• Kees Cook's avatar
    stack: Optionally randomize kernel stack offset each syscall · 39218ff4
    Kees Cook authored
    This provides the ability for architectures to enable kernel stack base
    address offset randomization. This feature is controlled by the boot
    param "randomize_kstack_offset=on/off", with its default value set by
    CONFIG_RANDOMIZE_KSTACK_OFFSET_DEFAULT.
    
    This feature is based on the original idea from the last public release
    of PaX's RANDKSTACK feature: https://pax.grsecurity.net/docs/randkstack.txt
    All the credit for the original idea goes to the PaX team. Note that
    the design and implementation of this upstream randomize_kstack_offset
    feature differs greatly from the RANDKSTACK feature (see below).
    
    Reasoning for the feature:
    
    This feature aims to make harder the various stack-based attacks that
    rely on deterministic stack structure. We have had many such attacks in
    past (just to name few):
    
    https://jon.oberheide.org/files/infiltrate12-thestackisback.pdf
    https://jon.oberheide.org/files/stackjacking-infiltrate11.pdf
    https://googleprojectzero.blogspot.com/2016/06/exploiting-recursion-in-linux-kernel_20.html
    
    As Linux kernel stack protections have been constantly improving
    (vmap-based stack allocation with guard pages, removal of thread_info,
    STACKLEAK), attackers have had to find new ways for their exploits
    to work. They have done so, continuing to rely on the kernel's stack
    determinism, in situations where VMAP_STACK and THREAD_INFO_IN_TASK_STRUCT
    were not relevant. For example, the following recent attacks would have
    been hampered if the stack offset was non-deterministic between syscalls:
    
    https://repositorio-aberto.up.pt/bitstream/10216/125357/2/374717.pdf
    (page 70: targeting the pt_regs copy with linear stack overflow)
    
    https://a13xp0p0v.github.io/2020/02/15/CVE-2019-18683.html
    (leaked stack address from one syscall as a target during next syscall)
    
    The main idea is that since the stack offset is randomized on each system
    call, it is harder for an attack to reliably land in any particular place
    on the thread stack, even with address exposures, as the stack base will
    change on the next syscall. Also, since randomization is performed after
    placing pt_regs, the ptrace-based approach[1] to discover the randomized
    offset during a long-running syscall should not be possible.
    
    Design description:
    
    During most of the kernel's execution, it runs on the "thread stack",
    which is pretty deterministic in its structure: it is fixed in size,
    and on every entry from userspace to kernel on a syscall the thread
    stack starts construction from an address fetched from the per-cpu
    cpu_current_top_of_stack variable. The first element to be pushed to the
    thread stack is the pt_regs struct that stores all required CPU registers
    and syscall parameters. Finally the specific syscall function is called,
    with the stack being used as the kernel executes the resulting request.
    
    The goal of randomize_kstack_offset feature is to add a random offset
    after the pt_regs has been pushed to the stack and before the rest of the
    thread stack is used during the syscall processing, and to change it every
    time a process issues a syscall. The source of randomness is currently
    architecture-defined (but x86 is using the low byte of rdtsc()). Future
    improvements for different entropy sources is possible, but out of scope
    for this patch. Further more, to add more unpredictability, new offsets
    are chosen at the end of syscalls (the timing of which should be less
    easy to measure from userspace than at syscall entry time), and stored
    in a per-CPU variable, so that the life of the value does not stay
    explicitly tied to a single task.
    
    As suggested by Andy Lutomirski, the offset is added using alloca()

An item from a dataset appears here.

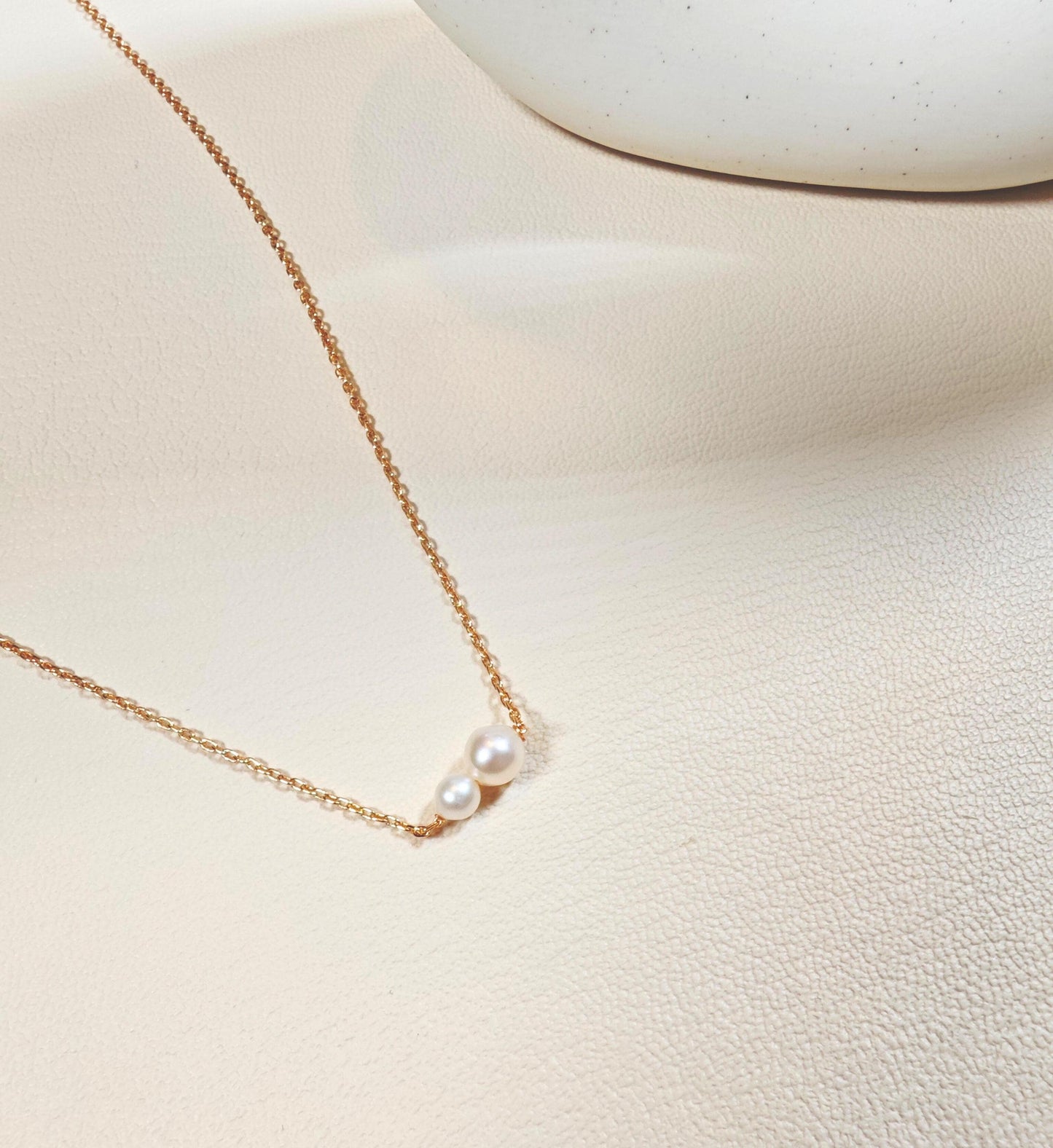 Delicate pearl necklace on a light beige surface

    and an empty asm() statement with an output constraint, since it avoids
    changes to assembly syscall entry code, to the unwinder, and provides
    correct stack alignment as defined by the compiler.
    
    In order to make this available by default with zero performance impact
    for those that don't want it, it is boot-time selectable with static
    branches. This way, if the overhead is not wanted, it can just be
    left turned off with no performance impact.
    
    The generated assembly for x86_64 with GCC looks like this:
    
    ...
    ffffffff81003977: 65 8b 05 02 ea 00 7f  mov %gs:0x7f00ea02(%rip),%eax
    					    # 12380 <kstack_offset>
    ffffffff8100397e: 25 ff 03 00 00        and $0x3ff,%eax
    ffffffff81003983: 48 83 c0 0f           add $0xf,%rax
    ffffffff81003987: 25 f8 07 00 00        and $0x7f8,%eax
    ffffffff8100398c: 48 29 c4              sub %rax,%rsp
    ffffffff8100398f: 48 8d 44 24 0f        lea 0xf(%rsp),%rax
    ffffffff81003994: 48 83 e0 f0           and $0xfffffffffffffff0,%rax
    ...
    
    As a result of the above stack alignment, this patch introduces about
    5 bits of randomness after pt_regs is spilled to the thread stack on
    x86_64, and 6 bits on x86_32 (since its has 1 fewer bit required for
    stack alignment). The amount of entropy could be adjusted based on how
    much of the stack space we wish to trade for security.
    
    My measure of syscall performance overhead (on x86_64):
    
    lmbench: /usr/lib/lmbench/bin/x86_64-linux-gnu/lat_syscall -N 10000 null
        randomize_kstack_offset=y	Simple syscall: 0.7082 microseconds
        randomize_kstack_offset=n	Simple syscall: 0.7016 microseconds
    
    So, roughly 0.9% overhead growth for a no-op syscall, which is very
    manageable. And for people that don't want this, it's off by default.
    
    There are two gotchas with using the alloca() trick. First,
    compilers that have Stack Clash protection (-fstack-clash-protection)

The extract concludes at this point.